An exact copy of every line from the one holding "NAVA CHIANGMAI Rubber" to the end of the entries below is required; leave the pictures out.

Available data:
__________

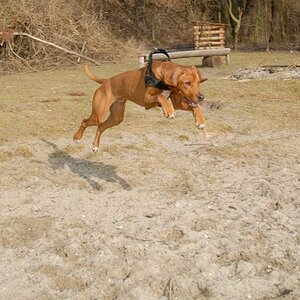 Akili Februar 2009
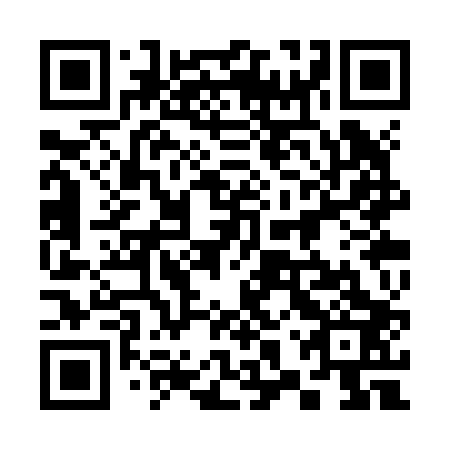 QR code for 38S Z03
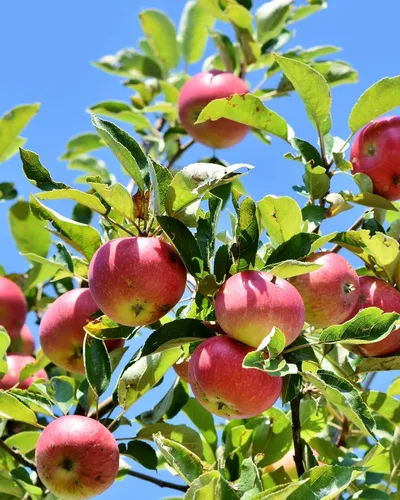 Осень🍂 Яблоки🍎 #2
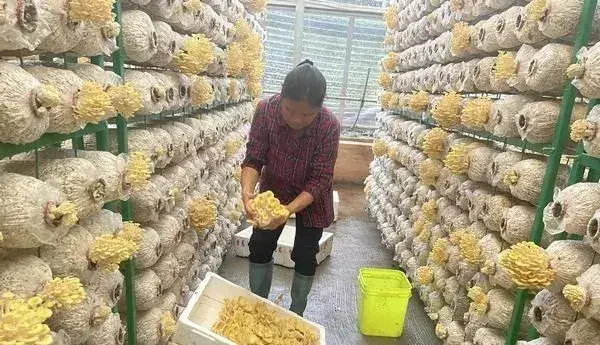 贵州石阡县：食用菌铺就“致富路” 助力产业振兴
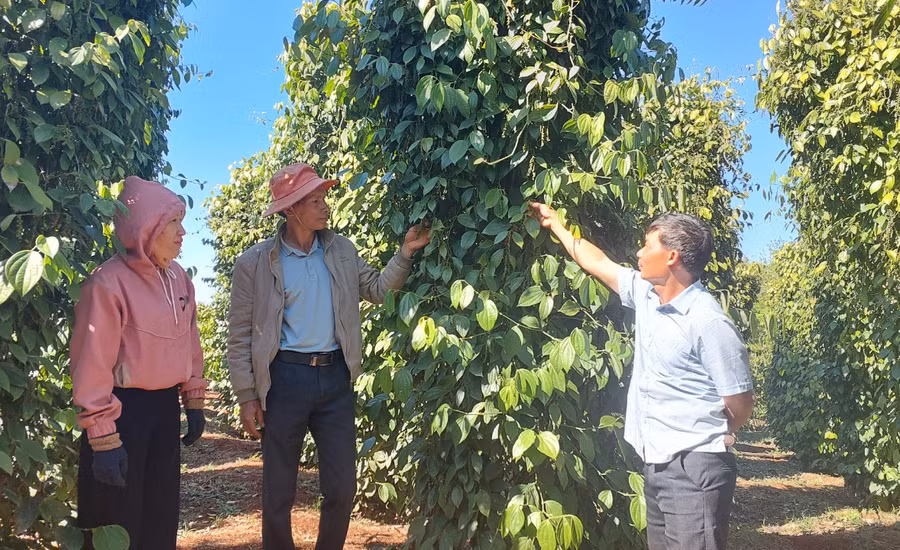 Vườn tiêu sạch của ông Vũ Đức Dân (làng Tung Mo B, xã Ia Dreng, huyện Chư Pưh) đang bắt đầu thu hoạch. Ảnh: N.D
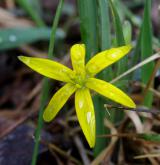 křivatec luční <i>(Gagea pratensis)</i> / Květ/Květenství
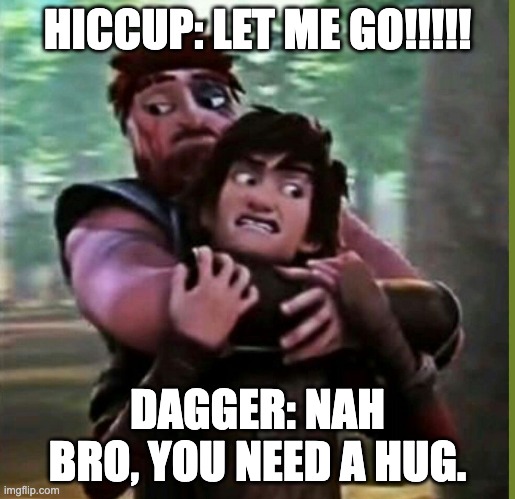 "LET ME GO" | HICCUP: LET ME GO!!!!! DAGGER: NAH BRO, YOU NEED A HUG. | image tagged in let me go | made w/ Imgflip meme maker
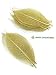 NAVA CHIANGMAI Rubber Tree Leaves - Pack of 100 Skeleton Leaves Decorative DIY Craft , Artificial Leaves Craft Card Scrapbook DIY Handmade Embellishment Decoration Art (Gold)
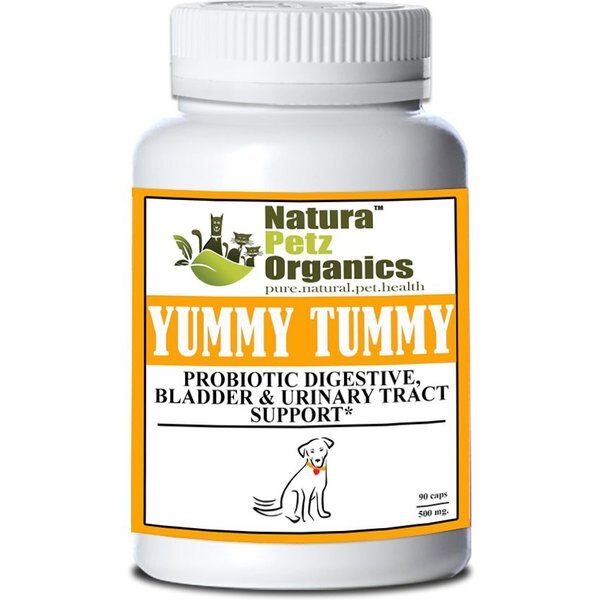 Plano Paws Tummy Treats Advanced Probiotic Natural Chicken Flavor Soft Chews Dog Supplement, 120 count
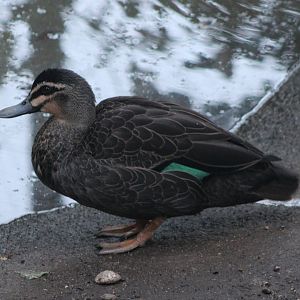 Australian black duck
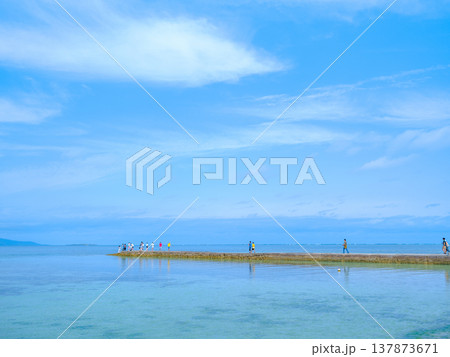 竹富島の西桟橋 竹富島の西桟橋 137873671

__________

Response:
 NAVA CHIANGMAI Rubber Tree Leaves - Pack of 100 Skeleton Leaves Decorative DIY Craft , Artificial Leaves Craft Card Scrapbook DIY Handmade Embellishment Decoration Art (Gold)
 Plano Paws Tummy Treats Advanced Probiotic Natural Chicken Flavor Soft Chews Dog Supplement, 120 count
 Australian black duck
 竹富島の西桟橋 竹富島の西桟橋 137873671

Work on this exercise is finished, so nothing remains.